A.b. Un contrat de prêt pour un montant de 300'000 fr. a été signé le 23 décembre 2005 par C.________ et par B.. Selon sa teneur, le contrat de prêt était passé entre : "E. Monsieur B.________ (ci-après dénommé « l'emprunteur ») " et "C.________ (ci-après dénommé « le prêteur ») ". Le contrat prévoyait les modalités de remboursement. Il était également spécifié que l'emprunteur était actif dans le traitement des vignes et la production de raisins et s'était engagé par contrat séparé à livrer cette vendange à la société A.________ SA. Ce contrat de collaboration séparé mentionné dans le contrat de prêt était intitulé "contrat de collaboration entre E.________ et A.________ SA". Il était annexé au contrat de prêt de même qu'un extrait du registre du commerce de E.________, entreprise individuelle.

C.________ a cédé à A.________ SA la créance résultant de ce contrat de prêt, ce dont il a informé B.________ par courrier du 10 février 2006.

B.

Par jugement du 18 juin 2018, le juge des districts d'Hérens et Conthey a prononcé la mainlevée provisoire de l'opposition à la poursuite n°... de l'Office des poursuites de Conthey introduite par A.________ SA contre B., à concurrence de 210'000 fr. plus intérêts à 5 % l'an dès le 15 mai 2017 et de 27'591 fr. (intérêts courus). Par demande du 18 juillet 2018, B. a ouvert action en libération de dettes à l'encontre de A.________ SA. Par jugement du 18 février 2022, le Juge IlI des districts d'Hérens et Conthey a rejeté l'action en libération de dette. Par arrêt du 18 mars 2024, la Cour civile Il du Tribunal cantonal du canton du Valais a admis l'appel formé par B.________ contre ce jugement et admis l'action en libération de dette en ce sens qu'B.________ ne doit pas à A.________ SA, cessionnaire des droits d'C.________, le montant de 210'000 fr. plus intérêts à 5 % l'an dès le 15 mai 2017 ni 27'591 fr. 90 (intérêts courus du 1er novembre 2008 au 14 mai 2017) faisant l'objet de la poursuite n°... dont l'opposition est définitivement maintenue.

C.

A.________ SA (ci-après: la recourante) forme un recours en matière civile au Tribunal fédéral contre cet arrêt et conclut à sa réforme en ce sens que l'action en libération de dette est rejetée et que B.________ est condamné à verser à A.________ SA, cessionnaire des droits de C., le montant de 210'000 fr. plus intérêts à 5 % l'an dès le 15 mai 2017 ainsi que 27'591 fr. 90 (intérêts courus du 1er novembre 2008 au 14 mai 2017) faisant l'objet de la poursuite n°.... B. (ci-après: l'intimé) conclut au rejet du recours. Les parties ont répliqué et dupliqué. La cour cantonale s'est référée à son arrêt.

Considérant en droit :

L'arrêt attaqué est une décision finale (art. 90 L TF) rendue en matière civile (art. 72 L TF) par un tribunal supérieur désigné comme autorité cantonale de dernière instance, lequel a statué sur recours (art. 75 LTF). La cause atteint la valeur litigieuse minimale de 30'000 fr. ouvrant le recours en matière civile (art. 74 al. 1 let. b LTF). Le recours est exercé par la partie qui a succombé dans ses conclusions et qui a donc qualité pour recourir (art. 76 al. 1 LTF); il a été déposé dans le délai (art. 100 al. 1 L TF) et la forme (art. 42 LTF) prévus par la loi. Le recours est en principe recevable, sous réserve de l'examen des griefs particuliers.

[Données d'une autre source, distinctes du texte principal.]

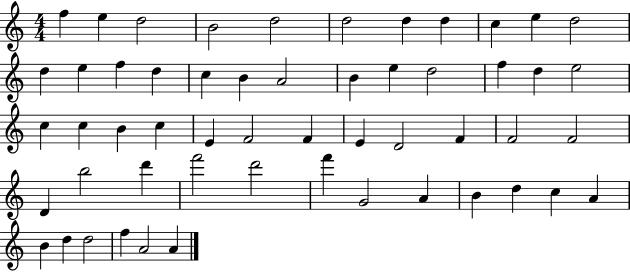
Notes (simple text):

2.1. Le recours en matière civile peut être exercé pour violation du droit fédéral (art. 95 let. a L TF), y compris le droit constitutionnel (ATF 136 I 241 consid. 2.1). Le Tribunal fédéral applique le droit d'office (art. 106 al. 1 LTF). Toutefois, compte tenu de l'obligation de motiver qui incombe au recourant en vertu de l'art. 42 al. 2 L TF, il n'examine pas, comme le ferait un juge de première instance, toutes les questions juridiques qui pourraient se poser, mais uniquement celles qui sont soulevées devant lui, à moins que la violation du droit ne soit manifeste (ATF 140 III 86 consid. 2, 115 consid. 2). Il ne traite donc pas les questions qui ne sont plus discutées par les parties (ATF 140 III 86 consid. 2). Il n'examine pas non plus les griefs qui n'ont pas été soumis à l'instance cantonale précédente (principe de l'épuisement des griefs; ATF 147 III 172 consid. 2.2; 143 III 290 consid. 1.1).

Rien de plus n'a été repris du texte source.